Resin casting lets you produce parts that would be otherwise impossible to make without a full CNC and injection molding set-up. It costs about as much as a 3d printer, 300 to 600 US dollars, to get a good set-up going. This is for raw material, resin, dye, pressure chamber, and an optional vacuum degassing set-up. A good resin casting set-up will let you produce parts which are stronger than injection molding, and with phenomenal accuracy, temperature resistance, and strength. I will be covering various techniques from the simple to advanced for using resin casting from a hacker’s perspective.

The coat just isn't the same without the full set.
The coat just isn’t the same without the full set.

Today I will be replicating a part exactly. I searched my house for a pending project. I wish I had a more exciting part to duplicate, like a broken hinge or plastic case that I’d like in a different color, but I lost a button on my favorite coat.
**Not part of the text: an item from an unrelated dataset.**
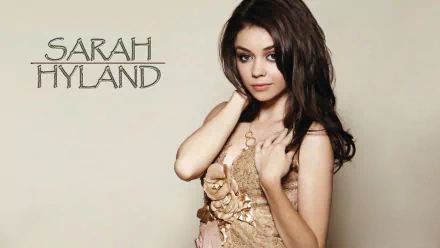 HD desktop wallpaper featuring a poised individual with text Sarah Hyland on a beige background.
So I’ll be making a matching set of buttons.

You’ll need a basic resin casting set-up. For the raw materials, I duplicated the suggestions from the Guerrilla Guide — the standard handbook for fabricating things in your own workshop. So far this has worked out great. I’ve also had a lot of fun casting urethane rubber for wheels and flexible parts, but that’s for another chapter.

I do recommend deviating from the Guerrilla Guide in one regard though. Absolutely skip the purchase of a vacuum degassing chamber if you are on a budget. Buy a pressure casting set-up. As long as you cure both your molds and your resin under pressure you won’t have many issues. The most bang for your buck will be a cheap pressure casting chamber made from a paint pot and a discount compressor. I waited for a 20% off sale at my local import store and got my set up for about 150 US Dollars, pot, pnuematics, compressor, and all.

There are a few other accessories I’ve found to be very handy. One is a miniature paint mixer; most of my resin casting is done at small scale. The silicone doesn’t care as much but the resin demands that it be mixed very very well or it will cure improperly (usually with strange and baffling material properties, like being weirdly rubbery, or super brittle and sticky at the same time). I also recommend a box of nitrile gloves, the good kind surgeons might use. Most of these chemicals won’t harm you today, but you may build up an allergy to them from constant exposure, which would be hideously inconvenient tomorrow. Also, a trustworthy electronic precision scale. I bought a used Made In USA +-0.01g scale for 25 US Dollars of eBay. It improved my results dramatically. I also recommend the purchase of a brick of soft Plasticine. This is a modeling clay that is oil based and never dries out. Make sure you get one that specifically mentions being sulfur free or it will interfere with your silicone. You can use the clay to do all sorts of magic to plastic parts. It’s also reusable. Lastly, some lead weights or shot bags and a ton of rubber bands; these are used to hold your molds together.

Preparing the Part You Want to Duplicate

Remove the parts you want to duplicate and clean them thoroughly.
Remove the parts you want to duplicate and clean them thoroughly.

Once you have your set-up together, the process is relatively straight forward. First remove the plastic part from its assembly and clean it thoroughly. The silicone will pick up amazingly small defects. You’ll replicate finger prints and dust. It’s pretty spectacular. You may also want to take this time to spray the plastic with a mold release. You’ll want to let the release dry and polish it off. It’s usually optional, as silicone doesn’t stick well to many thermoplastics, but if you have a questionable textured surface, you might as well. It may cause some detail loss.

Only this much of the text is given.